Gracefool Collective: This Is Not A Wedding

There’s some brilliant dance work being created in Leeds at the moment. Northern Connections 2 at the Northern School of Contemporary Dance, staged in their wonderful Riley Theatre in the former synagogue building on Chapeltown Road, is the second showcase of new work performed there this year.

The triple bill featured three new works (or works still in development): Blue Monday from choreographer Joseph Reay-Reid; bYOB from creative duo 70:30 Split; and This Is Not A Wedding from Gracefool Collective. Each group had just three weeks to develop their piece in the NSCD studios.

Blue Monday

Blue Monday is an ensemble work, “rooted in the experience of working class youth and the desire to escape the everyday”.

Joseph Reay-Reid’s high-energy piece for one male and two female dancers starts with a video sequence drawing parallels between the poll tax riots of the late Thatcher years and today’s pre-Brexit political and social disquiet. The soundtrack features period classics from Pulp, Suede and 10cc among others.

This North-West-based choreographer favours cross-disciplinary work, featuring strong physicality and a lot of dialogue.

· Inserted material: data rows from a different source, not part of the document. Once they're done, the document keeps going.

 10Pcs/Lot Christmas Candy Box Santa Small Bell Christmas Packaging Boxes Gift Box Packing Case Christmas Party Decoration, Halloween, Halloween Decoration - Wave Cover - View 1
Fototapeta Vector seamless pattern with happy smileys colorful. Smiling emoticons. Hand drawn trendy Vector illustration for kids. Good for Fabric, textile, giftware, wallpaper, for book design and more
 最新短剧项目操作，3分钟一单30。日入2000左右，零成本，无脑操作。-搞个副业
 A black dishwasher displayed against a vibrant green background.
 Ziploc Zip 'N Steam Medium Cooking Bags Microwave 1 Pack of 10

For me, the most memorable images are of a young man striving harder and harder for the success that surely must be his if only he tries hard enough, and of three dancers in animated, competitive conversation that becomes increasingly strident until all three are shouting into the void without listening to anyone. Today’s social media on stage in 3D.

70:30 Split: bYOB

It was a pleasure to meet York-based duo Lydia Cottrell and Sophie Unwin at the pre-show reception.

The pair have worked together under the name 70:30 Split for the past six years, combining dance, theatre and cabaret to produce frank and satirical performance. Previous works have focused on the female experience and the representation of women, whilst bYOB looks instead at aspects of masculinity.

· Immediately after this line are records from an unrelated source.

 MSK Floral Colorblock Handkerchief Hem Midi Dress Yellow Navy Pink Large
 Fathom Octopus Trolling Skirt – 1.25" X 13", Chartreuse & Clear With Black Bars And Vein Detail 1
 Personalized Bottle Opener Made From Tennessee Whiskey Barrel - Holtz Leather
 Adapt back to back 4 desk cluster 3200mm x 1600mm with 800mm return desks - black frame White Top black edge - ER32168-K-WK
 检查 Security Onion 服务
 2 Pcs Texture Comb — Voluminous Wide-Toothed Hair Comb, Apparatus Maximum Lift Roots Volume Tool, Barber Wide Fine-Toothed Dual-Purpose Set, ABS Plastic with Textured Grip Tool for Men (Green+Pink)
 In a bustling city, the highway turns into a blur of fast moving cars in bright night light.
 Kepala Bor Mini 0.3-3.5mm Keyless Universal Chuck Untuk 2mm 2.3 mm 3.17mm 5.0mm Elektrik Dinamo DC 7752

I found this the most challenging work of the evening.

We’re confronted by four balaclava-clad men in black. They’re not terrorists (the idea horrified the creators in the post-show Q&A) but instead could be military – or a police SWAT team. What are they carrying as they come on stage? The reveal is a surprise, but not as great as the sight of four macho dancers trying to perform with their trousers round their ankles, pure white Y-fronts gleaming in the theatre lights.

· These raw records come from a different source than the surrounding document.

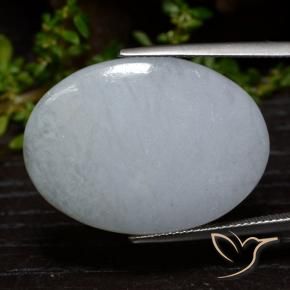 33.11 ct Gray Jadeite Stone, Natural Jadeite in Oval Cabochon Shape for Sale
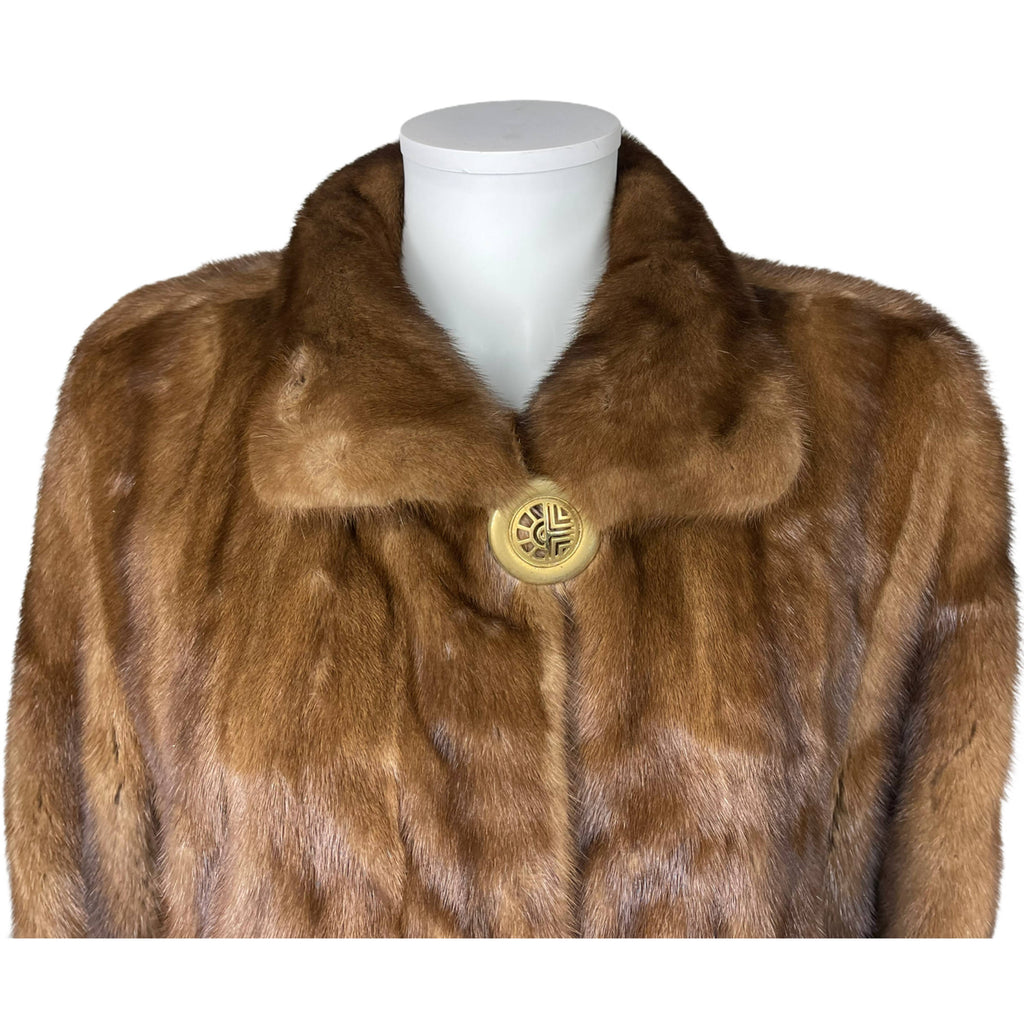 Vintage Louis Feraud Mink Coat Brown Female Pelts Size M L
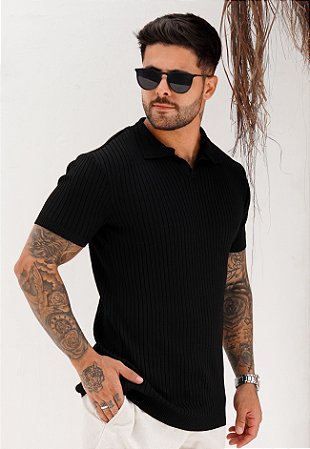 Camiseta Polo Tricot Preta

Or the switch into folk, as the ensemble pull out handkerchiefs and perform something that feels remarkably like a morris dance in their black combat outfits. It would be great to see this again when it’s evolved still further.

The highlight of the evening was the return of Leeds’ own Gracefool Collective, fresh from the Edinburgh Fringe.

The quartet of NSCD alumni (Rachel Fullegar, Kate Cox, Sofia Edstrand and Rebecca Holmberg) describe their work-in-progress as “the difficult second album” after their success with their debut show, This Really Is Too Much.

The thing to remember about This Is Not A Wedding is that … you’re not at a wedding. Despite the dresses. And the cake. And the balloons. Oh and the awkward speeches.

The show ‘starts’ as the audience return from an interval, and it’s the excruciatingly embarrassing social event we’ve all been to at some point. The piece focuses on our social obsession with pairs and the expectation to ‘couple up’, and it’s a brilliantly observed pastiche.

The Gracefool girls excel in taking such observations, of the ‘feminine’ mannerisms of a bride, or the growing anxiety of an event organiser, and making them just that little bit larger than life without quite crossing the boundary into parody and slapstick – until they’re good and ready to do so.

The results are hilarious as a multi-legged bride-creature rolls across the floor, or couples come together and are split apart in a kind of human-powered Newton’s cradle.

A lot of work has gone into the costumes as well; over-the-top bridal numbers yes, but also elements of overalls and dungerees, fitted and not-fitted. Again, this is a piece I’d like to see a second time when it’s been further developed.

 

The Northern Connections showcases are part of an artistic development and residency programme delivered by the Northern School of Contemporary Dance in partnership with Spin Arts and Yorkshire Dance, supported by Arts Council England.